The new executive committee has focused on ways to eliminate existing health care disparities for African Americans, while improving the overall standards of health care for Americans of all races and cultures. In the newest version of the ABC video,* there is an image of a sleek spaceship being readied on a launch pad. This vehicle represents the ABC, and its fuel is the commitment and support of our members, health-related government agencies, and industry partners. Once fueled, our organization will be enabled to fulfill its mission.

The ABC is part of a larger community, in which health care disparities are real and continue to exist. We have an excellent reputation for our ability to produce quality community programs for laypeople and educational programs for physicians. These programs target men, women, and children of all ages, with a goal of increasing individual and collective health awareness. We would like to establish new programs that will reach people in their daily environments, such as the church, the barbershop, the hair salon, and, most importantly, the schools. We hope to explore new areas of partnership that will facilitate our ability to reach out to the general public.

Some of our ideas include collaborating with large box retailers, who have established "minute clinics" in their stores. We would like to partner with large movie theater chains that could show the ABC video as part of the previews before the feature presentation. We are also looking to create a community health advocate program, in which we would partner with local corporations to educate their staff on how to improve their cardiac health awareness.
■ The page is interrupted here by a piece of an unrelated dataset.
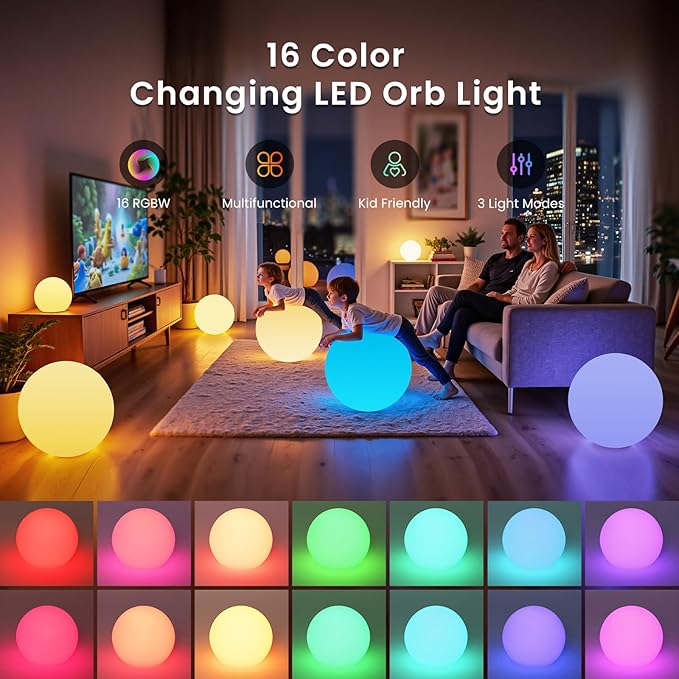 LOFTEK 12-inch LED Dimmable Light Ball: Waterproof Floating Pool Lights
As you know, the incidence of childhood obesity, diabetes, and hypertension is increasing disproportionately in African Americans compared with the general population. This "fast food or video game" generation is less active and less physically fit than ever before. If we do not reach out and make an early impact, the statistics on cardiovascular disease quoted in today's literature will be eclipsed by those observed by our children. We must attempt to correct certain behaviors at their earliest stages. The ABC is committed to partnering with our sister organizations and industry to create programs that will address risk-factor development in children before cardiovascular disease can manifest itself during young adulthood.

By exposing children to healthier lifestyle habits, we hope to promote the health care field in general. Most African American teenagers have never met a black cardiologist, particularly a female cardiologist. Over the past 10 years, the number of African American students applying to medical schools has declined. When I first joined the ABC 11 years ago, there were approximately 125 African American fellows in training programs across the country. That number is now approximately 80! Young adults need role models who will boost their confidence to pursue a career in medicine, particularly cardiology.

Our CME committee, which is headed by Dr Ola Akinboboye, is one of the strongest assets of the organization. We are accredited with commendation through 2011. This is the highest designation one can receive. Fewer than 10% of CME providers have this status.

The ABC has always enjoyed excellent relationships with our sister organizations. We would like to explore new ways to develop even stronger ties with these groups. We are currently in the process of developing the Mississippi Model of Cardiovascular Risk Reduction in collaboration with the American Heart Association, American College of Cardiology, and the National Black Nurses Association. The goal is to establish an effective, culturally-competent, community-based intervention model for cardiovascular risk reduction to be piloted in Mississippi over a 2-year period. If successful, this model can be employed in other communities across the country. Projects like this exemplify what the ABC is about, and I am proud to belong to this organization.